WHAT IS BEING ASKED
As an exercise in exact copying, transcribe the lines below from the one holding "Restaurant, Sheraton Parco" through the last, with both ends included and pictures left out.

THE DATA
^^^^

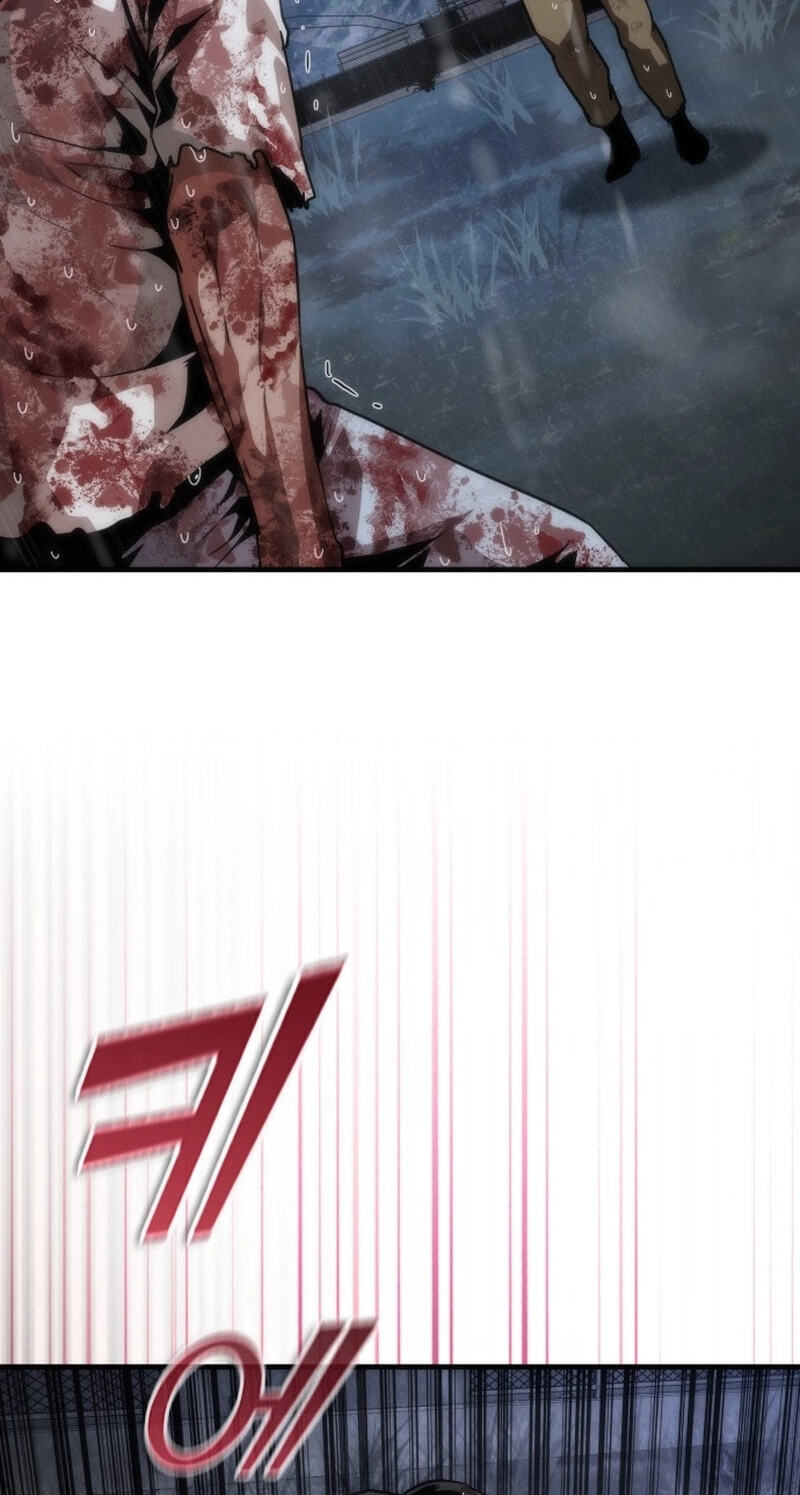 Zombie Revelation: 82-08 Chapter 114 page 24 - 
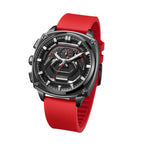 MACHER GaugeCluster - Performance Driven Racing Timepieces - Richard mille, jacob&co homage Watches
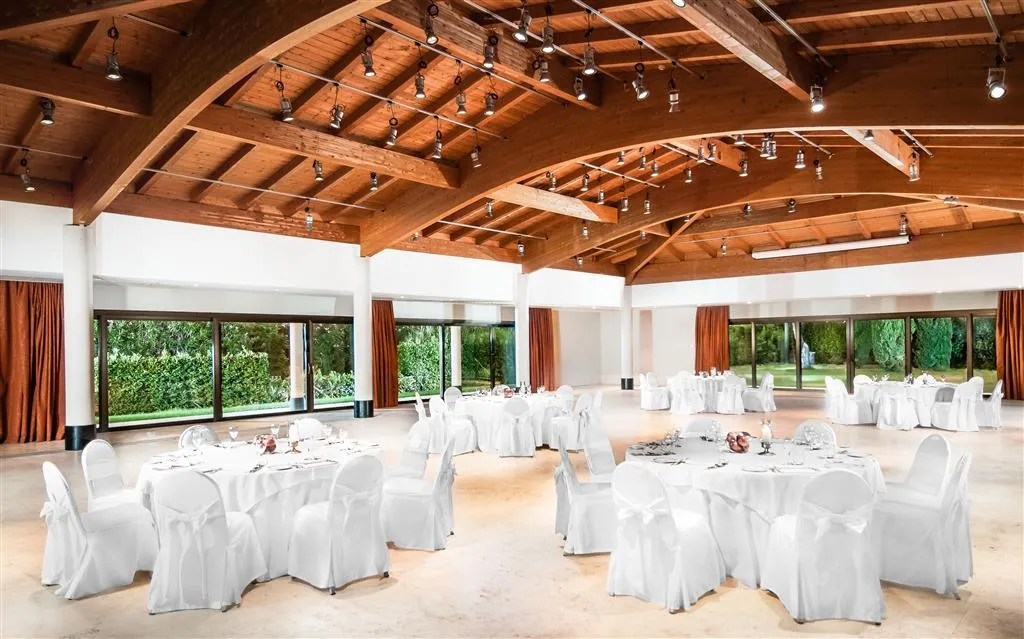 Restaurant, Sheraton Parco de' Medici Rome Hotel, Rome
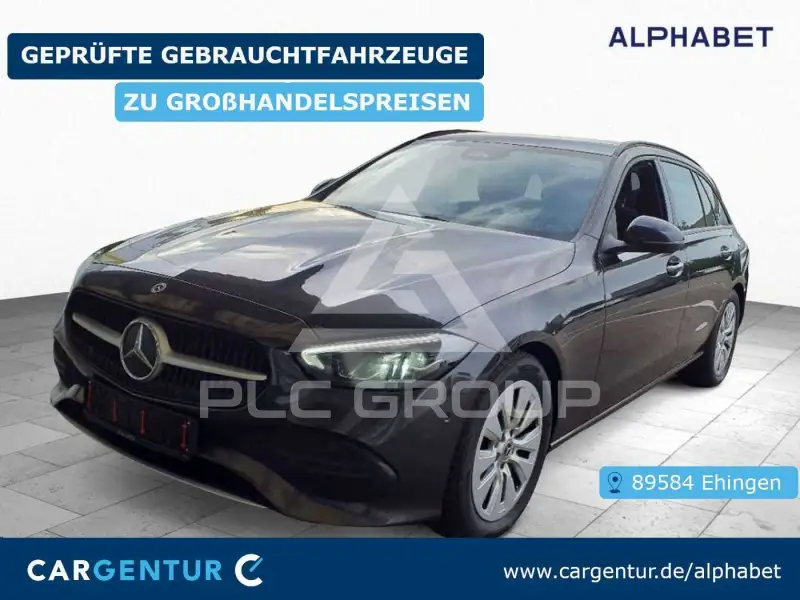 2023 Mercedes Benz C 220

^^^^

TASK OUTPUT
 Restaurant, Sheraton Parco de' Medici Rome Hotel, Rome
 2023 Mercedes Benz C 220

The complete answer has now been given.